District Attorney General Bill Gibbons, the subject of this week's Flyer cover story, professed, when asked, to be dubious about the Tennessee legislature's recent passage of a law allowing gun-permit holders to take their weapons into bars
and restaurants. "I'm aware of too many cases involving mixing guns and alcohol," gubernatorial candidate Gibbons said. So he would veto the measure if he were already serving as governor, right?
Wrong. It would be pointless to do so, Gibbons answered, since the pistol-packers' majority for the measure was top-heavy in both legislative chambers — meaning that a gubernatorial veto would be quickly overturned. Gibbons further opined that virtually all of the state's bars and restaurants would avail themselves of a loophole allowing them to post signs banning the bringing of weapons.

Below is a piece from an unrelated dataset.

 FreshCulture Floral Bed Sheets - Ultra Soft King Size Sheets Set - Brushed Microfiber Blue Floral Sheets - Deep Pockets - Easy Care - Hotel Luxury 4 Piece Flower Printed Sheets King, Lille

So, for all the alarms it provoked across the state, for all the embarrassment it brought to Tennessee in the nation at large, the gun measure was really meaningless? The district attorney allowed as how he thought it was.
The same question occurs to us with regard to another controversial legislative act, the overwhelming passage this week of Senate Joint Resolution 127, which began the lengthy process of a constitutional amendment that would prohibit any legislative act or judicial finding by a state court that would advance abortion rights beyond those guaranteed by the federal judiciary. In effect, the proposed amendment would strike down a 2000 ruling by the state Supreme Court which provided even stouter protection for abortion rights and admitted even fewer restrictions to them than did the U.S. Supreme Court.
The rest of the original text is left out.